MJs on my feet

Hey, remember when I said I wasn’t going to do anything else (besides the dishcloths) until I’d sorted out my hibernating projects? Yeah, well, um, so I went to visit a friend the other day, and she had this pattern, see, and then we found ourselves at the craft store, and then before I knew it I was buying yarn and needles for a project I didn’t even know I wanted to knit. And there you go. Lovely little Mary Jane slippers to pad around the house in (when it gets cooler). I have a stripey pair that a friend gave me ages ago, but I’ve always wanted to make a pair (or several) so that I wouldn’t be heart broken when those inevitably wear out.

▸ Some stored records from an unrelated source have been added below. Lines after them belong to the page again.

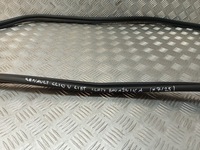 фото thumb №10, Renault clio v lift прокладка крышки багажника задняя задняя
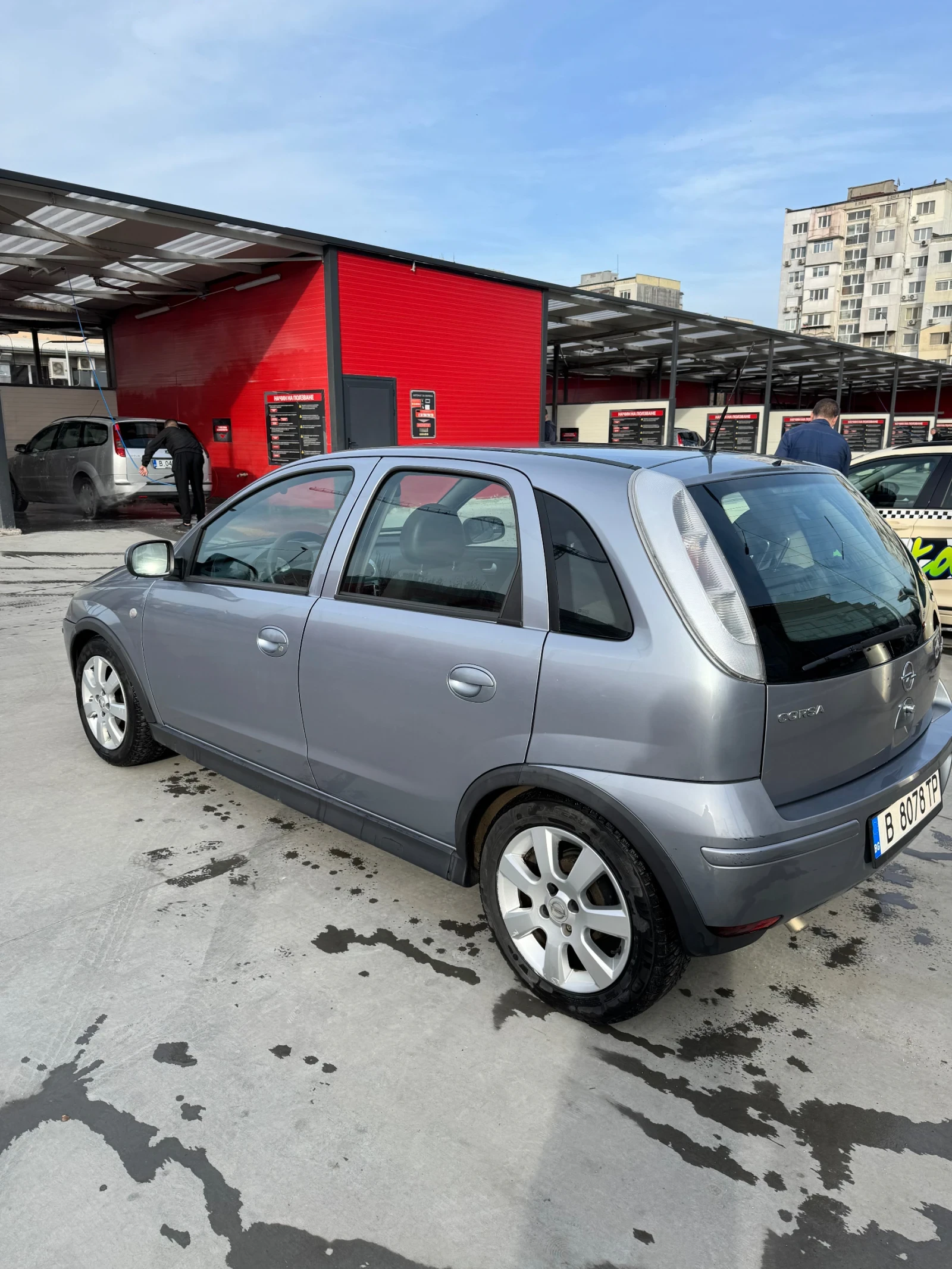 Opel Corsa 1.3 CDTI. - изображение 2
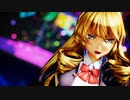 【MMD】Mirrrrrors【素行不良お嬢様】【30ps】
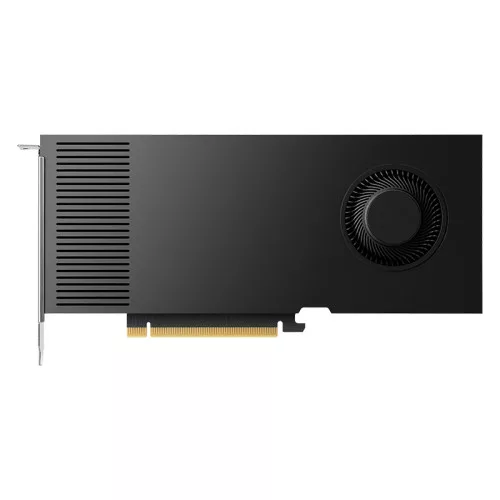 PNY NVIDIA RTX 4000 ADA 20GB/160bit 6144 CUDA PCIe 4.0 x16, 4xDP1.4a, 130W, 3ÉV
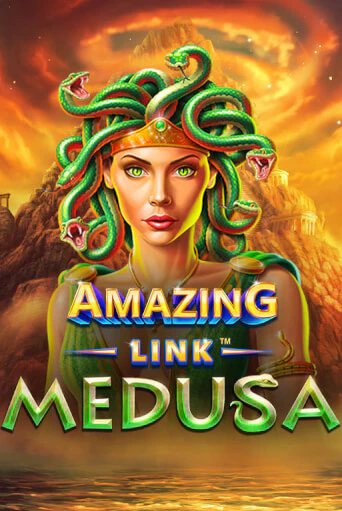 Бесплатная игра Amazing Link Medusa | SELECTOR KZ 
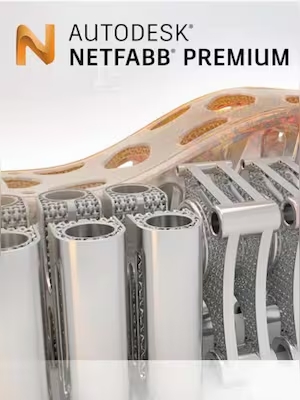 Autodesk Netfabb Premium Windows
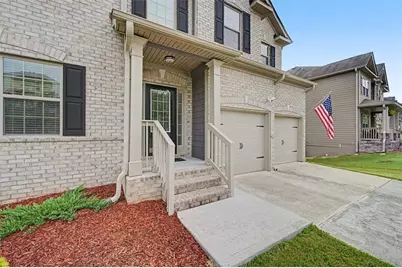 464 Silver Oak Drive, Dallas, GA 30132 - Photo 61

I had to re-write the pattern myself, since the pattern she downloaded had so many mistakes. I think it may have been a combination of a couple of mistakes combined with my misunderstanding of some of the pattern directions. In the end it was easier and faster to just do the whole thing myself. I didn’t like a couple of the choices the pattern writer had made, and so did things my way.

The sole and the upper are knit separately, then pieced together, and the strap is knit from picking up stitches on one side and grafting them onto the other. It’s pretty straight forward. Whenever I’m making something that has to be pieced together, I slip the first stitch of every row, which gives you a lovely chain selvedge. It is also helpful on exposed edges, because you get a nice clean line of chain stitches around the edge of the piece.

One was pieced together using Kitchener Stitch mattress stitch to make the seams, wrong sides together. The other was piece together with a crochet chain stitch, right sides together. The former looks better on the sides of the slipper, but neither method looks nice at the toe and heel, where the increases and decreases make seaming a little uneven looking. The latter, however, is much faster. Since these aren’t really “show off” pieces, I think I’d opt for the crochet seams over the sewn seams any day.
These don’t really match, because I was experimenting with the pattern as I went along. I must have knit and reknit the pieces so many times as I modified the pattern. If I had just knit them in one go, I think this project would have taken about 5 hours to complete, and that’s being quite generous with the time. A great weekend project.

Knit on size 7/4.5mm needles, I used Patons Classic Wool in grey. Cheap and soft.